→ **TASK DIRECTIONS**
In the records below, repeat exactly the lines between the line holding "Anne Klein rusty" and the line holding "VeggieTales - Growing", inclusive, and drop the pictures.

[RECORDS PROVIDED]

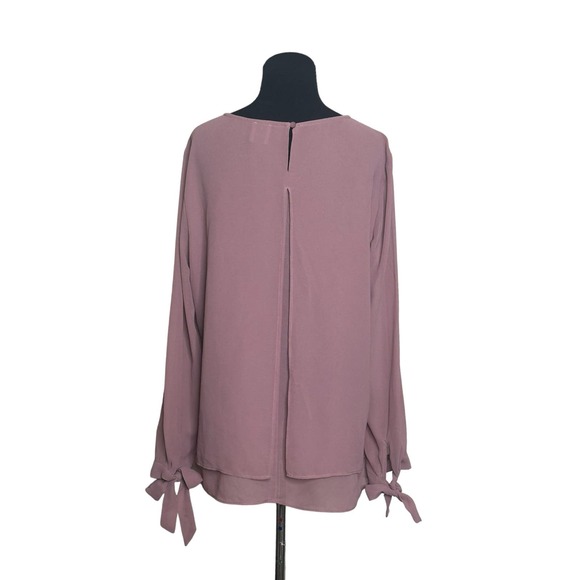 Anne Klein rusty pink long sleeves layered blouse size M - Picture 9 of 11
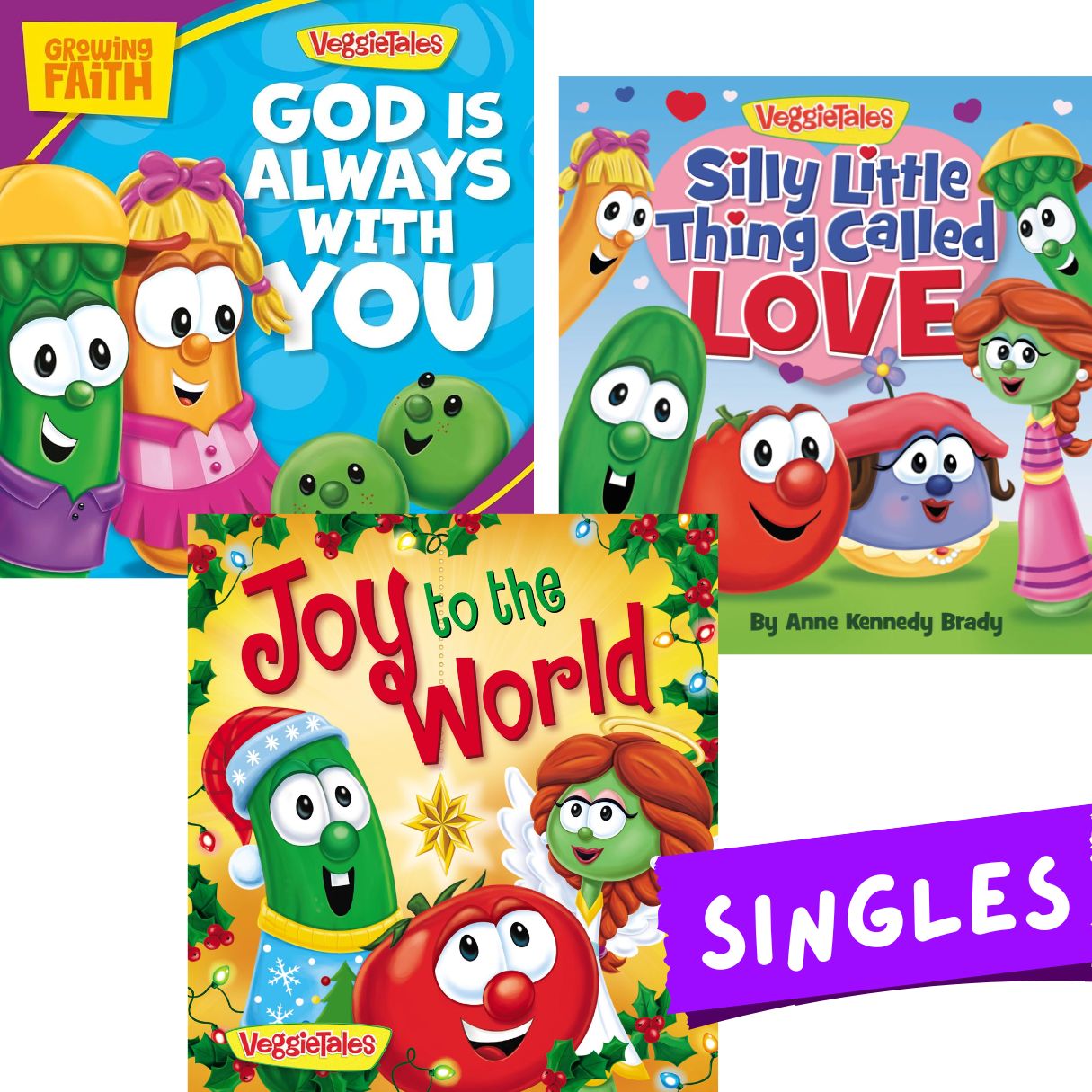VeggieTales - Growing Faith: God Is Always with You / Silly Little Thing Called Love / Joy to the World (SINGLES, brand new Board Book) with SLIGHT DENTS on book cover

[/RECORDS PROVIDED]
[RECORDS PROVIDED]

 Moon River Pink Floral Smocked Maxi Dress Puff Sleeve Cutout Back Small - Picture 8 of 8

[/RECORDS PROVIDED]

→ **SOLUTION TO THE EXERCISE**
 Anne Klein rusty pink long sleeves layered blouse size M - Picture 9 of 11
VeggieTales - Growing Faith: God Is Always with You / Silly Little Thing Called Love / Joy to the World (SINGLES, brand new Board Book) with SLIGHT DENTS on book cover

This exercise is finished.